Netweb Technologies

about 1 year ago
Netweb Technologies

IPO Size: Rs. 631 cr  

  • Rs. 206 cr Fresh Issue: working capital (Rs. 128 cr), debt repayment (Rs. 23 cr), capex (Rs. 32 cr)
  • Rs. cr Offer for Sale (OFS) by the promoters (98% to reduce to 76%)
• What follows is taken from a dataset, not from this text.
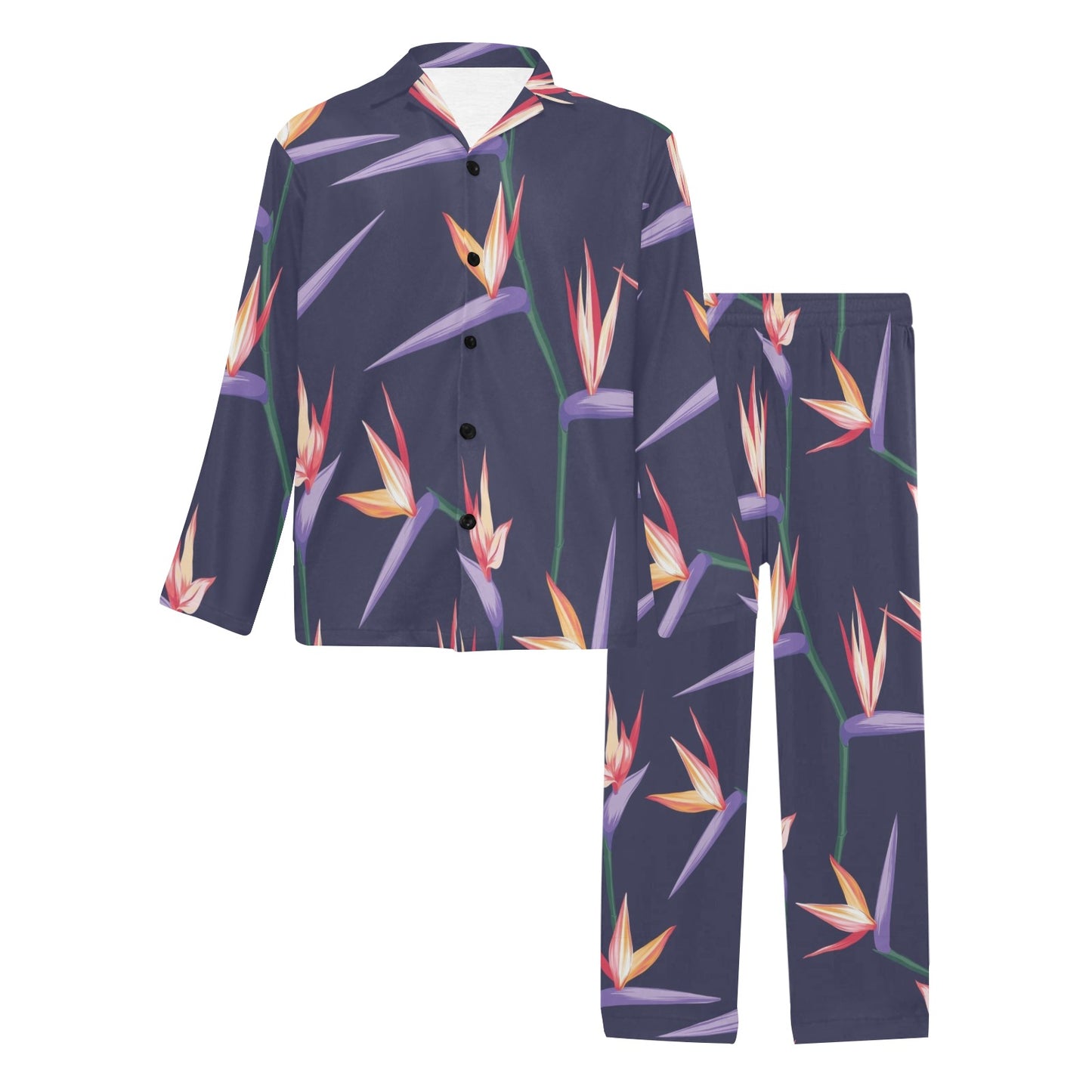 Bird Of Paradise Pattern Print Design BOP015 Men's Long Pajama Set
Price band: Rs. 475-500 per share

  • Rs. 51 cr pre-IPO placement undertaken at Rs. 500 per share, on 30th Jun 2023

M cap: Rs. 2,803 cr, implying 23% dilution

IPO Date: Mon 17th Jul to Wed 19th Jul 2023, Listing Thu 27th Jul 2023

Grey Market Premium (GMP): We are strongly against ‘grey market premium’ as it is an unofficial figure, against SEBI guidelines.

 

One of India’s Largest Supercomputer Maker

Netweb Technologies provides high-end computing solutions, with supercomputing and private cloud solutions, accounting for 3/4th of its FY23 revenue of Rs. 445 cr. Three of company’s proprietary supercomputers feature in world’s Top 500, including ‘Param Ambar’ used by ISRO. Artificial intelligence (AI), currently accounts for 7% of revenue, but can grow exponentially given the sector tailwinds. Netweb has technological collaboration with Intel, AMD Inc, Samsung, Nvidia, Seagate and is not a contract manufacturer, unlike many listed electronic manufacturing services (EMS) peers. Indian Government organisations (like higher education and research institutes, space and defence firms) accounting for half the revenue. Company has forayed into new products like network switches (Rs. 1,100 cr domestic market in FY23) and 5G ORAN appliances, used in data center and telecommunication, besides, been awarded 2 PLIs for IT hardware and telecom and networking products.

 

Asset Light Business

Netweb’s fixed asset turnover ratio of 18x is the highest among EMS Peers - 4x for Syrma, 6x for Kaynes, 7x for Cyient DLM and 9x for Avalon. It is undertaking Rs. 32 cr capex for a greenfield plant at Faridabad, which has incremental revenue potential of approximately Rs. 575 cr FY26E onwards, given the high asset turnover ratio.

 

Super Growth

While Rs. 455 cr topline of FY23 is still not very large, it has increased rapidly from Rs. 156 cr in FY20, with H2FY23 alone recording revenue of Rs. 302 cr. It guides 40% revenue CAGR for the next few years, given the strong industry tailwinds and planned capex.

 

High Value-Add Business

In addition to super growth, Netweb’s margins are superior, as it provides full-stack solutions (no box-selling). FY23 gross margins were healthy at 27%, with 16% EBITDA and 10.6% net margin. Thus, Rs. 4 cr PAT in FY20 jumped to Rs. 47 cr in FY23, with H2FY23 PAT at Rs. 32 cr.

 

Potential Red Flags:

  1. An alleged insider trading case settled with SEBI by the promoters, as recently as 8th March 2023.  
  2. Current auditor is the 3rd in past 3 years
  3. Debt doubled in 3 months, to Rs 71 cr as of 26.6.23, from Rs. 36 cr as of 31.3.23. Long term debt is rated A-/Stable from Crisil.  

 

Attractively Priced IPO

Annualising H2FY23 EPS of Rs. 6.2, current year PE multiple works out to about 38x, which is not seen expensive, given the niche technology-focused business, growth prospects, high double-digit margins and 68% RoE. Infact, going by the PE multiples of 40-70x enjoyed by the EMS industry presently, this valuation multiple has room to expand.